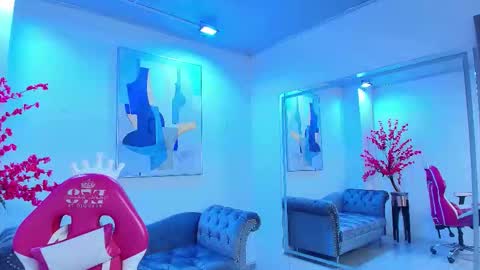 Snapshot of arianna_sweeet chatting on 24, 10, 2025 arianna_sweeet online show from 24, 10, 2025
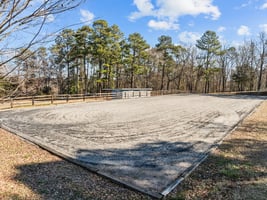 22071799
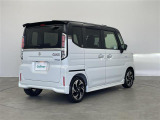 ◆北は北海道から南は沖縄まで、ご購入いただいたお車は全国にご納車が可能です!お電話、メール、動画などでリモートでお車のご案内も可能です!親切、丁寧に対応させて頂きますのでお気軽にご相談ください!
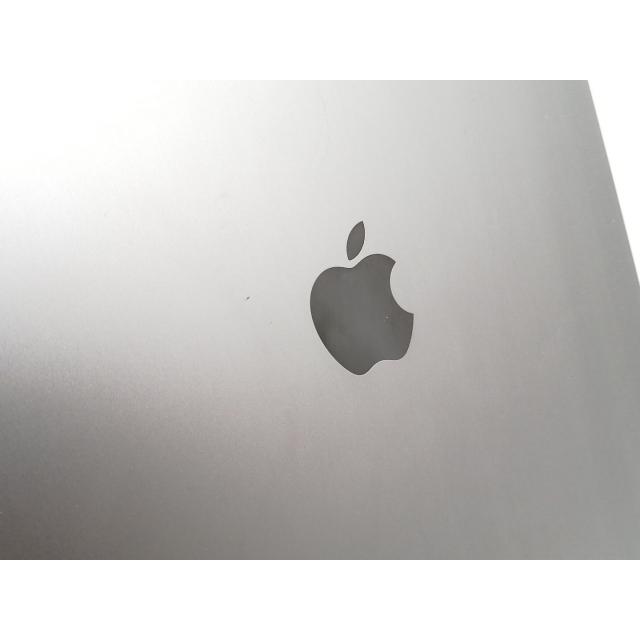 【中古】Apple 【Wi-Fi】 12.9インチ iPad Pro（第5世代/2021） 256GB スペースグレイ MHNH3J/A【ECセンター】保証期間１ヶ月【ランクB】の画像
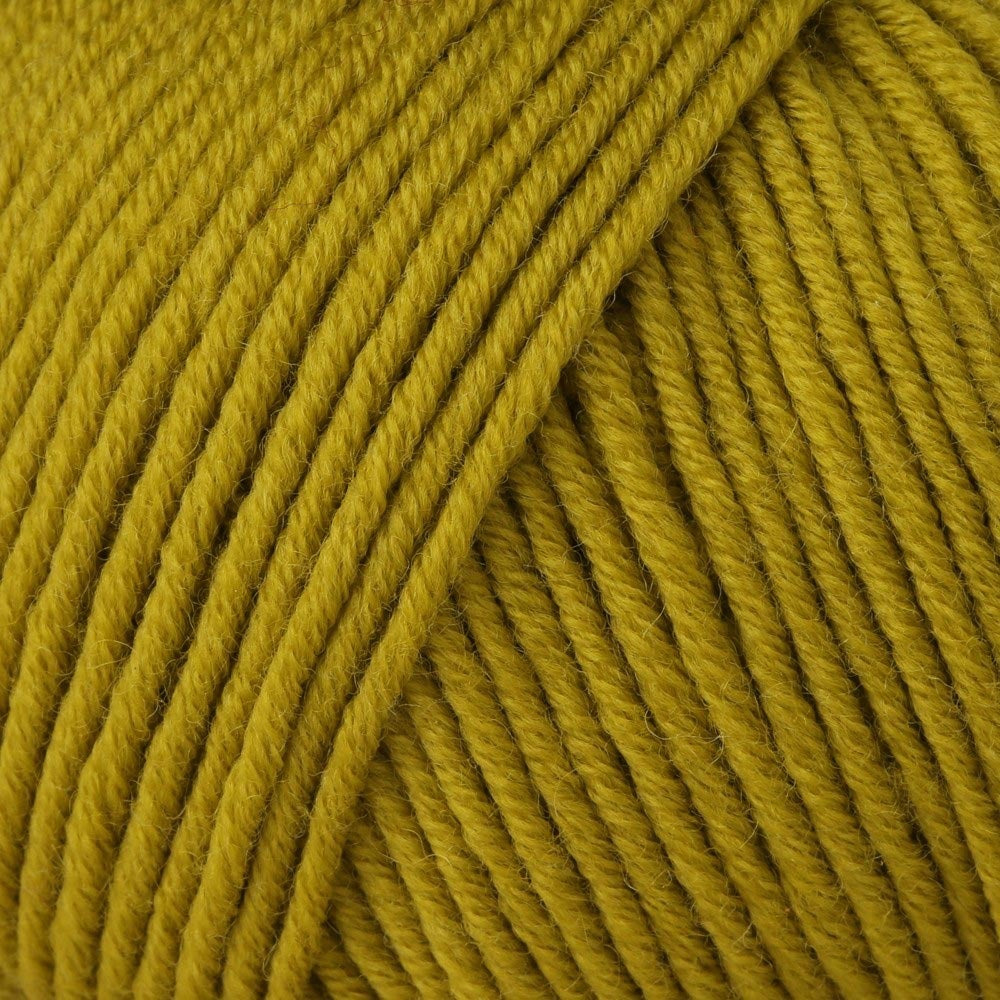 Schachenmayr Merino Extrafine 120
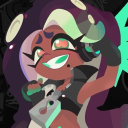 avatar PhoenixRequiem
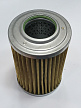 FEBI 44386 Фильтр гидравлический АКПП ZF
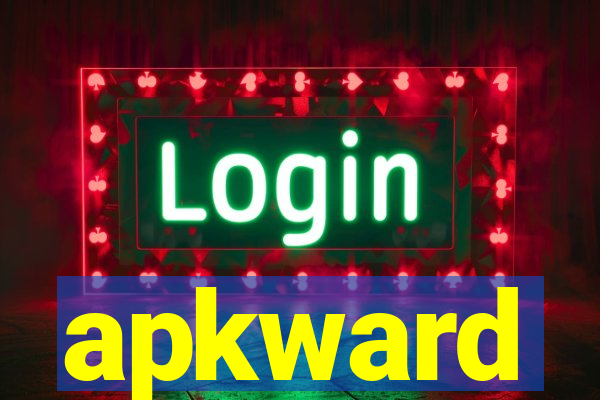 apkward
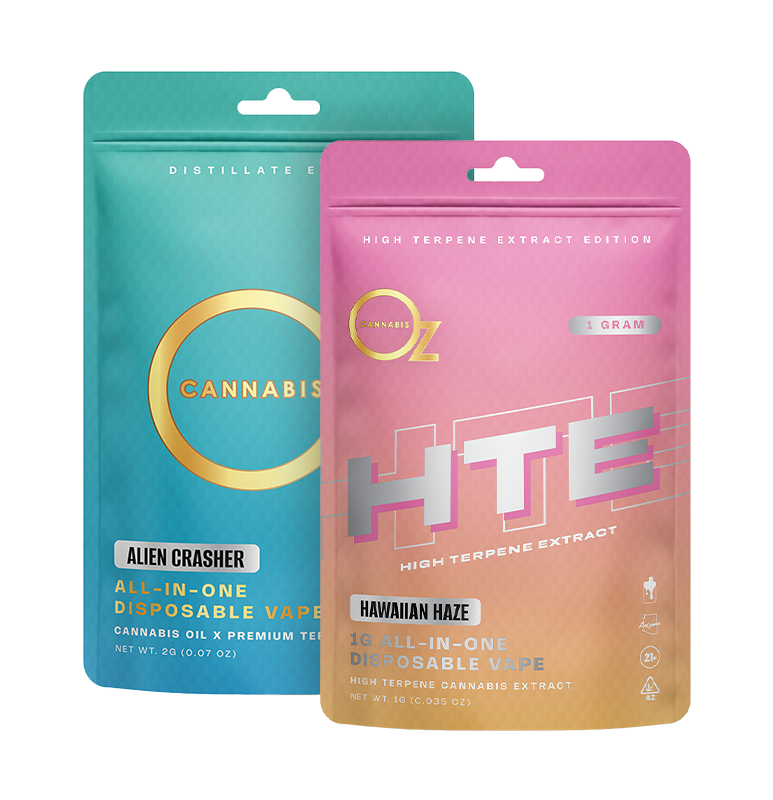 Vape-Packaging-1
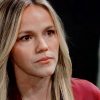 General Hospital Spoilers: Lulu Exposes The Truth About Gio In A Confrontation With Lois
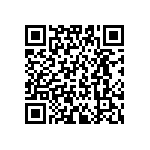 CA06COMF24-22SB QRCode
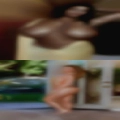 Hot sex with housewives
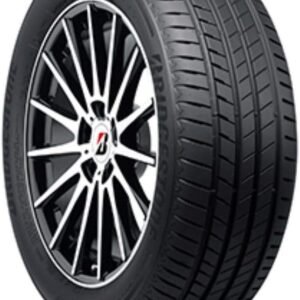 Bridgestone Alenza 001 RFT 275/40R20 106W XL Highway Summer Runflat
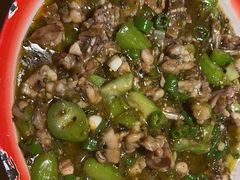 -泥糊破店小酒馆·团建聚餐(南京西路店)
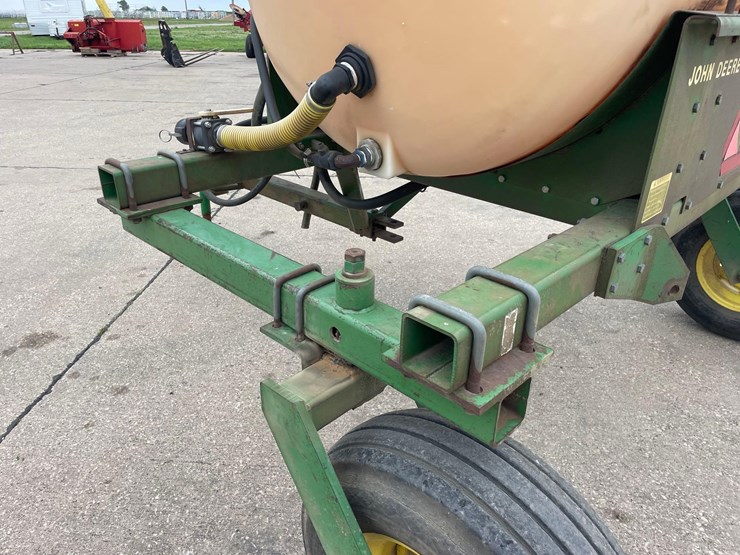 john-deere-250-image-6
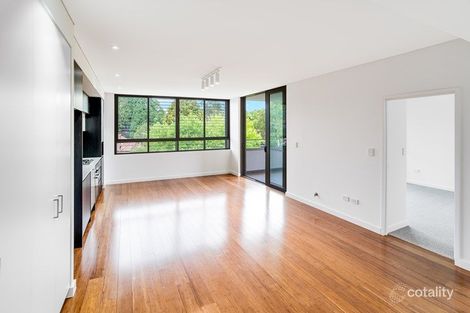 Property photo of 17/10-16 Gilroy Road Turramurra NSW 2074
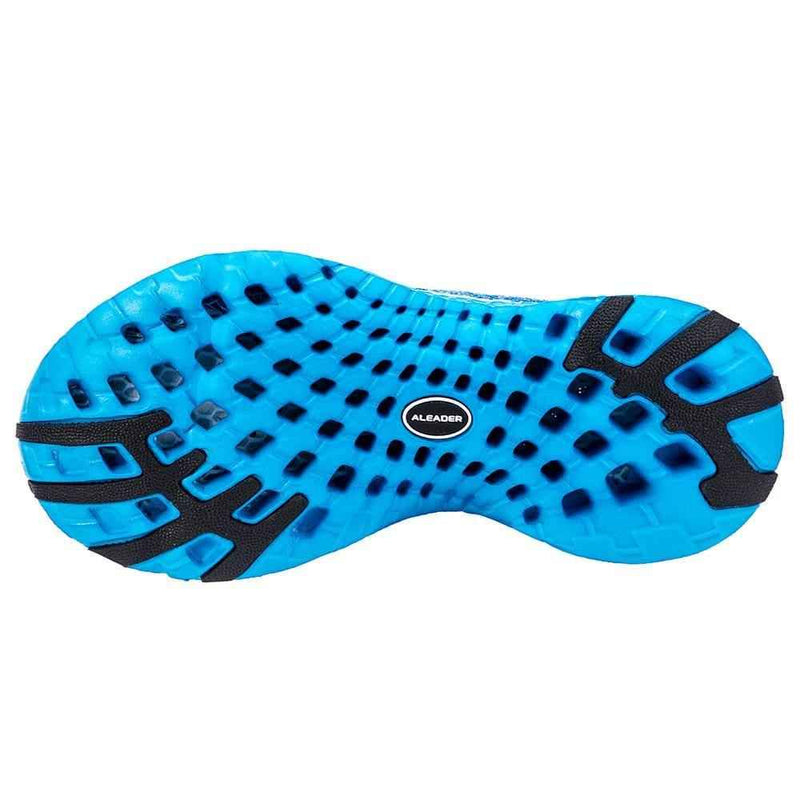 Load image into Gallery viewer, Aleader Kid's Xdrain Classic Knit Water Shoes - AleaderGear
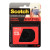 Scotch Extreme Fasteners; 1 Inch x 3 Inch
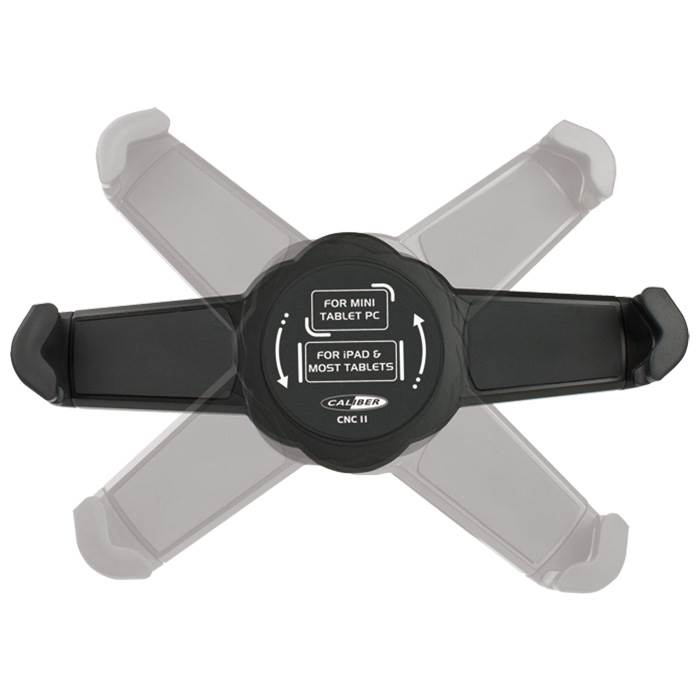 Soporte para Tablet para el Coche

---------------

Exercise goal :: Please transcribe exactly the lines from the one that contains "General Hospital Spoilers: Lulu" through the closing line of the entries, with no pictures.

Task output ::
 General Hospital Spoilers: Lulu Exposes The Truth About Gio In A Confrontation With Lois
 CA06COMF24-22SB QRCode
 Hot sex with housewives
 Bridgestone Alenza 001 RFT 275/40R20 106W XL Highway Summer Runflat
 -泥糊破店小酒馆·团建聚餐(南京西路店)
 john-deere-250-image-6
 Property photo of 17/10-16 Gilroy Road Turramurra NSW 2074
 Load image into Gallery viewer, Aleader Kid's Xdrain Classic Knit Water Shoes - AleaderGear
 Scotch Extreme Fasteners; 1 Inch x 3 Inch
 Soporte para Tablet para el Coche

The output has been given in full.